(EXERCISE) Reproduce every line in the material below that holds "over".

(SUPPLIED RECORDS)
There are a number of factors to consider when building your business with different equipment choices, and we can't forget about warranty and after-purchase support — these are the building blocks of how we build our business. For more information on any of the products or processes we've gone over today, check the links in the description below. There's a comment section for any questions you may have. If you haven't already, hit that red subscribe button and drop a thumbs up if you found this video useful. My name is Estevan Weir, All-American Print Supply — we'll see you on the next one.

==

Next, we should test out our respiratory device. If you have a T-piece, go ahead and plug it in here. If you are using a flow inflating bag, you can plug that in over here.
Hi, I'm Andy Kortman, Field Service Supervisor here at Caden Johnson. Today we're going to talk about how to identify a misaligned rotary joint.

(TASK RESULT)
There are a number of factors to consider when building your business with different equipment choices, and we can't forget about warranty and after-purchase support — these are the building blocks of how we build our business. For more information on any of the products or processes we've gone over today, check the links in the description below. There's a comment section for any questions you may have. If you haven't already, hit that red subscribe button and drop a thumbs up if you found this video useful. My name is Estevan Weir, All-American Print Supply — we'll see you on the next one.
Next, we should test out our respiratory device. If you have a T-piece, go ahead and plug it in here. If you are using a flow inflating bag, you can plug that in over here.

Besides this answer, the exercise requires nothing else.